• **Supplied data**:
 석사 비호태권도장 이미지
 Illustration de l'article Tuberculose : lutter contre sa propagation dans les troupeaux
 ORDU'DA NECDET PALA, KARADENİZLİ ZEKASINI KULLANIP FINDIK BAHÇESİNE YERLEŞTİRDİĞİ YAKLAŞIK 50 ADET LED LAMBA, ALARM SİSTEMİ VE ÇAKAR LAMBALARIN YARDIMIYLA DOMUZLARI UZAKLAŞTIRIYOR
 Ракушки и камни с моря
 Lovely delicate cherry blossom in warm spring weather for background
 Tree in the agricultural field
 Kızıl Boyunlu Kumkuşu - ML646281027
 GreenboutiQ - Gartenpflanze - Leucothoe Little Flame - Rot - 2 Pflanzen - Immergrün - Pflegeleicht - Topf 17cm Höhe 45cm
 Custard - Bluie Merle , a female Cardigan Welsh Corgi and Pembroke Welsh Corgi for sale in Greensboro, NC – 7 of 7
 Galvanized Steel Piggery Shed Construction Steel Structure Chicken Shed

...

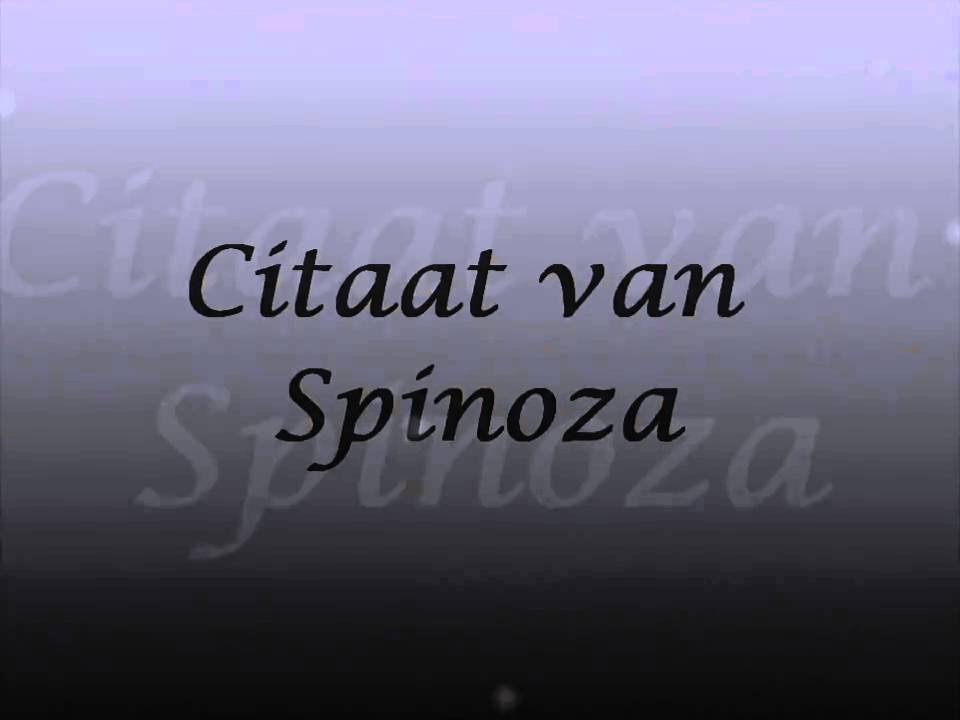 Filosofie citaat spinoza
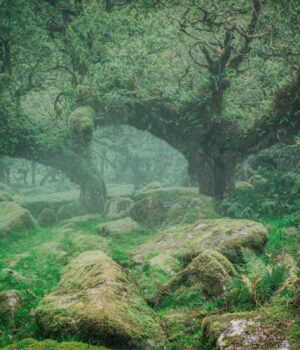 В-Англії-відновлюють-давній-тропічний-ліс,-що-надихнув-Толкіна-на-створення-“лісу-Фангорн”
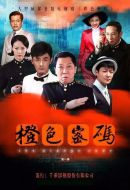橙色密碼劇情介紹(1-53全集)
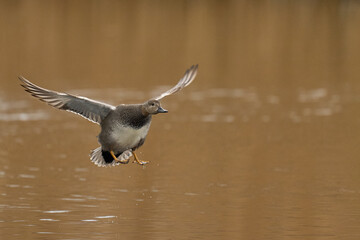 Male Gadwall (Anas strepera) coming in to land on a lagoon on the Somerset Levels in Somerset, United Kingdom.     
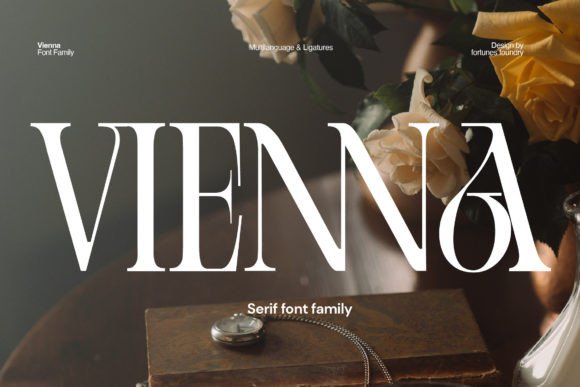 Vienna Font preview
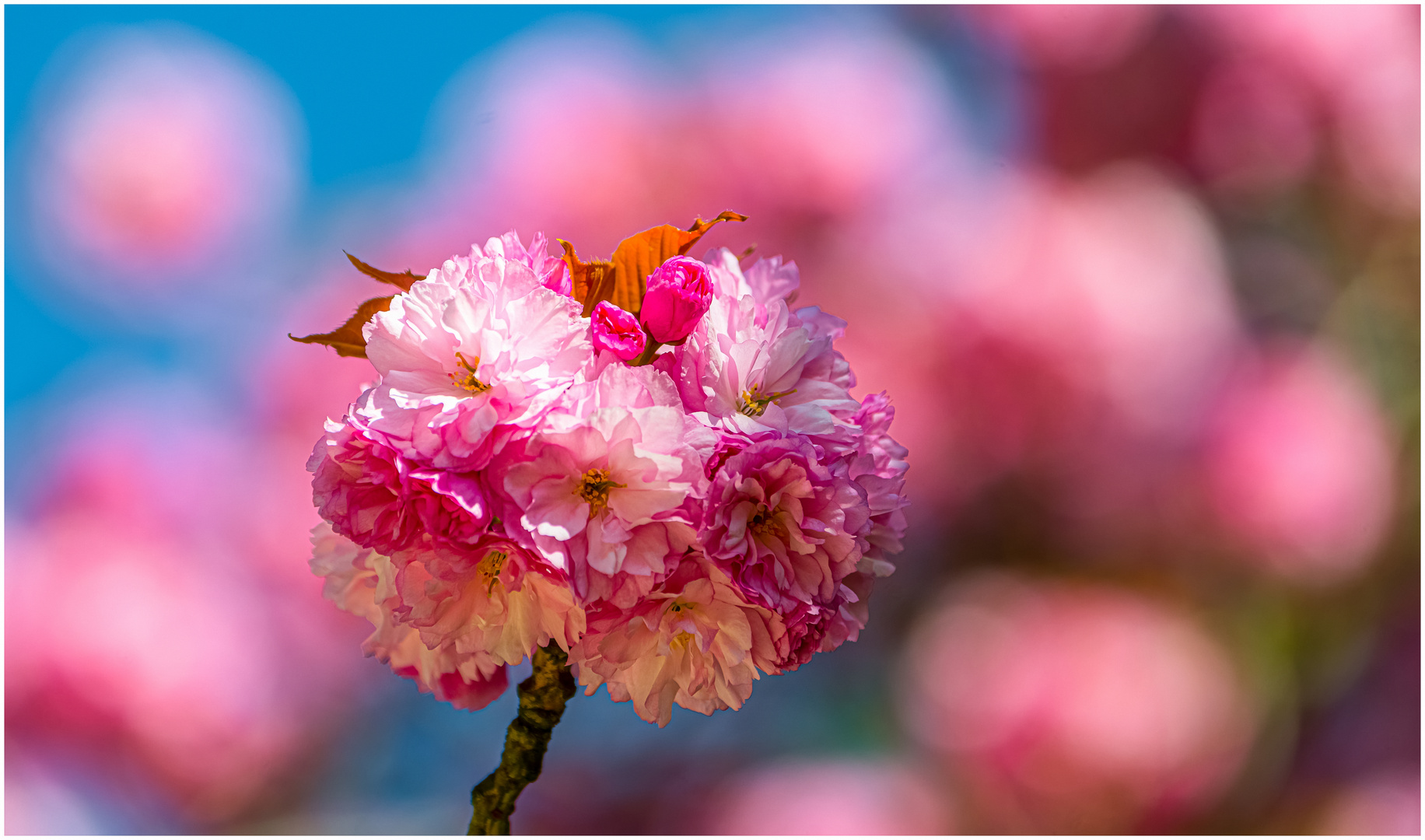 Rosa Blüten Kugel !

==

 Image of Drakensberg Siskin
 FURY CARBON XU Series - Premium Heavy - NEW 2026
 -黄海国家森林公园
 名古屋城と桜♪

• **Description of the task**: Among the entries above, the lines between the ones containing "ORDU'DA NECDET PALA, KARADENİZLİ" and "Galvanized Steel Piggery", inclusive, are to be transcribed exactly. No other line is to be given.

• **Reply**:
 ORDU'DA NECDET PALA, KARADENİZLİ ZEKASINI KULLANIP FINDIK BAHÇESİNE YERLEŞTİRDİĞİ YAKLAŞIK 50 ADET LED LAMBA, ALARM SİSTEMİ VE ÇAKAR LAMBALARIN YARDIMIYLA DOMUZLARI UZAKLAŞTIRIYOR
 Ракушки и камни с моря
 Lovely delicate cherry blossom in warm spring weather for background
 Tree in the agricultural field
 Kızıl Boyunlu Kumkuşu - ML646281027
 GreenboutiQ - Gartenpflanze - Leucothoe Little Flame - Rot - 2 Pflanzen - Immergrün - Pflegeleicht - Topf 17cm Höhe 45cm
 Custard - Bluie Merle , a female Cardigan Welsh Corgi and Pembroke Welsh Corgi for sale in Greensboro, NC – 7 of 7
 Galvanized Steel Piggery Shed Construction Steel Structure Chicken Shed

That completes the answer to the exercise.